もはや抜本的転換をすべき時が来ている
2017年08月15日
安倍首相は支持率回復を目指した内閣改造にあたり、「経済再生」を最優先で進めると記者会見で語り、そのための「アベノミクス」路線をまたもや強調した。だが、日本銀行がデフレ脱却の指標としてきた物価上昇2%の実現を先送りしたばかりであり、脱デフレの約束が看板倒れであることが誰の目にも明らかになっている。アベノミクスはすでに消費期限切れのキャッチフレーズなのだが、それを繰り返すしかないのも政権の行き詰まりの表れといえよう。
アベノミクスが脱デフレを実現できないのは、実質賃金の下落と消費低迷に象徴される総需要の不足が実体経済の低迷を引き起こしているからである。総需要が盛り上がらないのに、金融というカンフル注射や一時的な財政出動だけでデフレ脱却を果たせないでいる現状は、アベノミクスの当然の帰結である。
つまり、金融緩和などで大企業と富裕層を優遇し格差拡大を進めてきたアベノミクスそのものの行き詰まりが露呈しているのであり、それを呪文のように唱えても、事態は打開できない。
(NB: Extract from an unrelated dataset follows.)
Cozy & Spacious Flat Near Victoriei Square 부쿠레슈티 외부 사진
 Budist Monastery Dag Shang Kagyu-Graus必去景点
もはや抜本的転換をすべき時である。
むろん、金融緩和や財政出動を元に戻すだけでは解決策にならない。要は国民生活を底上げすることで新たな消費や投資の需要を創出し、デフレを脱却する経済政策に転換することだ。
具体的には、社会保障や環境・エネルギー、教育といった分野への投資および消費増を軸に総需要を伸ばすことが問われているのだが、それはもはや安倍政権やその亜流ではない政治勢力によって担われるべき政策である。民進党の脱皮によってもそういう路線選択が無理というのであれば、民進党解体・分裂を経てでも別の新しい政党がその課題を担うしかない。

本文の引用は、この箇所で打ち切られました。